July 23, 2026

Pemerintah Siapkan RUU Dwi Kewarganegaraan Terbatas untuk Diajukan ke DPR

Pemerintah Siapkan RUU Dwi Kewarganegaraan Terbatas untuk Diajukan ke DPR

Pemerintah Indonesia tengah mempersiapkan usulan kebijakan dwi kewarganegaraan terbatas yang akan diajukan ke Dewan Perwakilan Rakyat (DPR).
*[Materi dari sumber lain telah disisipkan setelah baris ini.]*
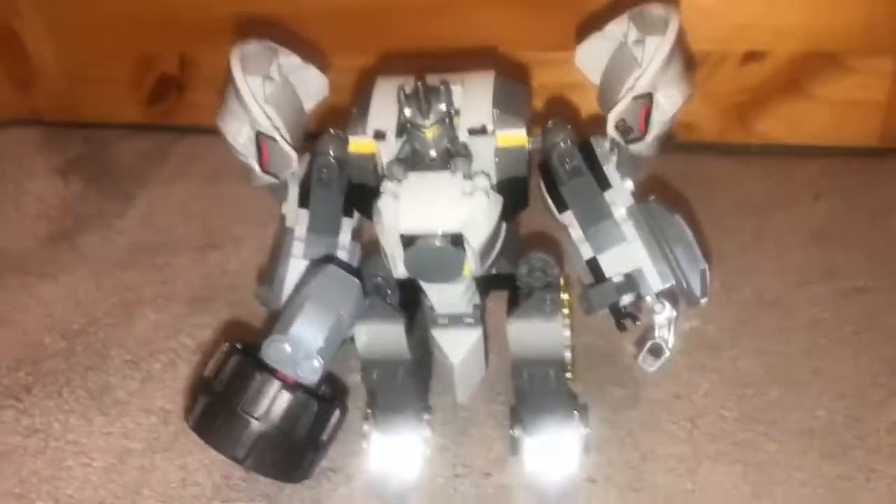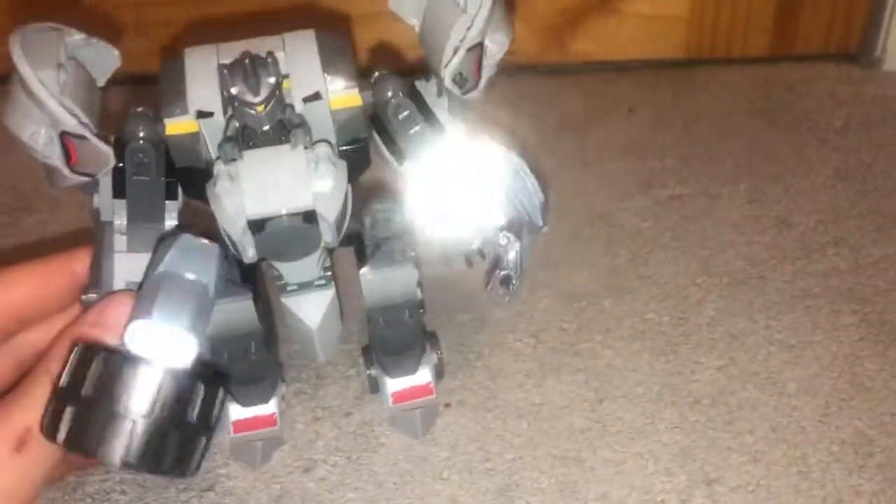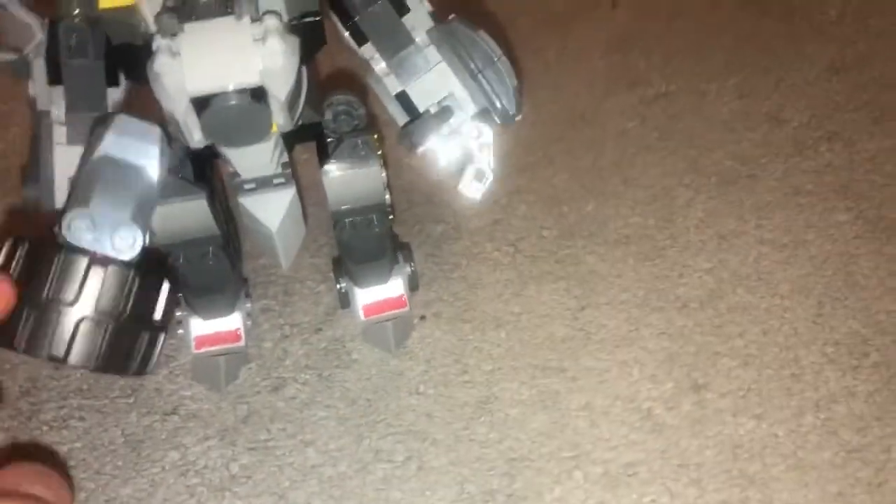This is my new Overwatch Lego figure. My mum helped me build it. It's got this tire hammer — there's this guy steering it and he's got one arm to hold the hammer and one punching arm, I think. I don't play Overwatch, I just got the Lego.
Langkah ini diambil sebagai respons terhadap kebutuhan diaspora dan tenaga kerja Indonesia di luar negeri yang kerap menghadapi kendala administratif akibat status kewarganegaraan tunggal.

Latar Belakang Kebijakan

Selama ini, Undang-Undang Kewarganegaraan Indonesia menganut asas kewarganegaraan tunggal yang mengharuskan setiap warga negara hanya memiliki satu status kewarganegaraan. Namun, banyak Warga Negara Indonesia (WNI) yang menetap di luar negeri terpaksa melepas kewarganegaraan mereka saat mengadopsi kewarganegaraan negara lain. Hal ini dinilai merugikan karena menghambat kontribusi mereka bagi pembangunan nasional.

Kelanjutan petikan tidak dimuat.